昨日、愛知県は犬山まで行ってきた。誘ってくれたマルフジ建築研究所の藤原君をはじめ総勢5人が近鉄鶴橋駅で朝8時に集合、近鉄特急に乗り込んだ。天候もよくて、榛原を過ぎたあたりの山中にはまだ満開の桜がたくさん残っていて、ある場所ではうす緑色の山の柔らかい新緑の中に、それらがあちこちに浮かび出て本当に夢のような光景だった。
名古屋で名鉄に乗り換え犬山遊園へ。ここで今日のもう一人のメンバーで作家(まだあまり有名でないが)のM君と落ち合う。藤原君の友人で岐阜に住んでいるとのこと。一枚目の写真は犬山遊園駅を降りて歩き出したばかりに撮った春の木曽川。春らしく少しかすみがかかった好天で、ゆったりした大きな水の流れを眺めていると、心までゆるやかに広がっていくような思いにつつまれた。
(追記:写真では動きがないので、「ゆったり」とか「ゆるやか」という感じが出ていないのが残念。それなりに考えて撮ったつもりなのだが、やっぱり腕なんだなと思った次第。)

旅の第一の目的は有名な茶室「如庵(じょあん)」を訪ねることだった。もちろん職業柄名前は知っていたが、茶室で国宝は三つしかなく、一つは利休の妙喜庵「待庵(たいあん)」で、あと大徳寺の「密庵(みったん)」席、そして残る一つがここで、そうか国宝であったと説明を聞いて思い出した。実は、誘われて話しにのったものの、正直あまり期待していなかったのだ。三つのうち「待庵」を訪ねたことがあるが、中には入れてもらえず外からのぞくだけだったので、ぜんぜん空間体験にはならず実物模計を見ているようなもので、いまだに「待庵」がすばらしいと言われても正直自分としてはまったくピンとこない。だから今回もそんなぐあいで、単に実物を目にするという程度にしか思っていなかった。
ところが、今回は予想に反して席に座ることができた。でその結果どうなったか、ちょっと大げさかもしれないが驚嘆したと言っていいだろう。今でもまだその余韻が十分残っている。その内容をひと言でいうとすると「光」だった。こんな茶室があるとは!と思った。茶室で感動するのは生まれて初めての経験だし、まったくなんでこんなことになるんやという感じで、書き出すときりがなくなりそうなのでやめるが、その興奮は今でも続いている。


上の二枚の写真は、外から眺めているときに中に誰もいなかったので、そっとカメラを差し込んで撮ったもの。

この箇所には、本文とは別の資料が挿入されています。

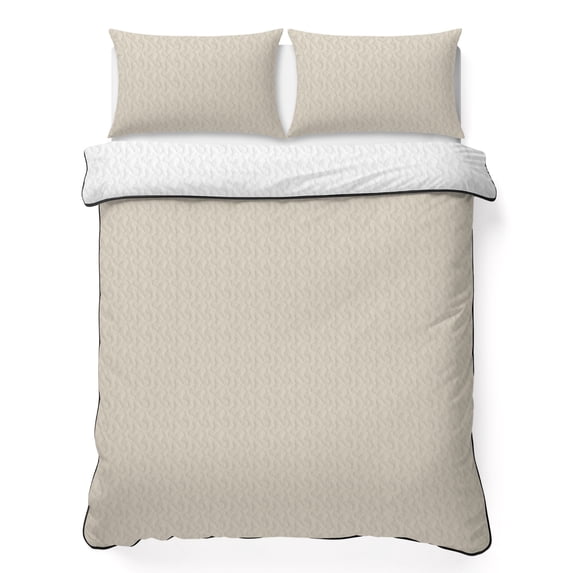 Twin XL Quilt Set 68''x98'', Ivory White Lightweight Summer Bedspread Coverlet Set with 2 Pillow Shams, Modern Pure Ivory White Breathable All Season Quilt Bedding for Dorm/Guest Room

本当はいけないのかもしれないが、もちろんフラッシュは使っておらず、おかげで少しブレてしまった。下は左が本体の正伝院書院で中央あたり緑のかげに「如庵」が見えている。名鉄資本の管理だからだろう、庭の状態もすばらしかった。さっきの興奮にあおられていて、行く前はあまり撮るつもりもなかったのに、植栽や敷石などの写真をとりまくった。

興奮さめやらぬまま「如庵」のある「有楽苑」を後にして、近くの犬山城で昼食後、次の目的地「明治村」へ。
タクシーを北口につけてもらってとりあえずライトの帝国ホテルへ。予算も潤沢にあったのだろう、密度も濃くて、さすがにすばらしかった。後輩たちがとくに感動していた様子だった。その正面の写真。

次は園内を走る京都市電。あたり一面新緑と満開の花の中、何やらなつかしいような景色で思わずシャッターを切った。あわてたのでちょっとブレてしまったのが残念。手前はハナモモか。奥はあちこちにたくさん咲いていたミツバツツジだろう。さすがにサクラは散っていた。

下は最後に行った森鴎外と夏目漱石が住んだという住宅の写真。昔の住まいが近代的に少し変わりつつような間取りで、それが面白く、また最近漱石を読んで感動したことがあったという事情もあり、皆が先に行ったあともわたしだけは残ってしばらく時間を忘れていた。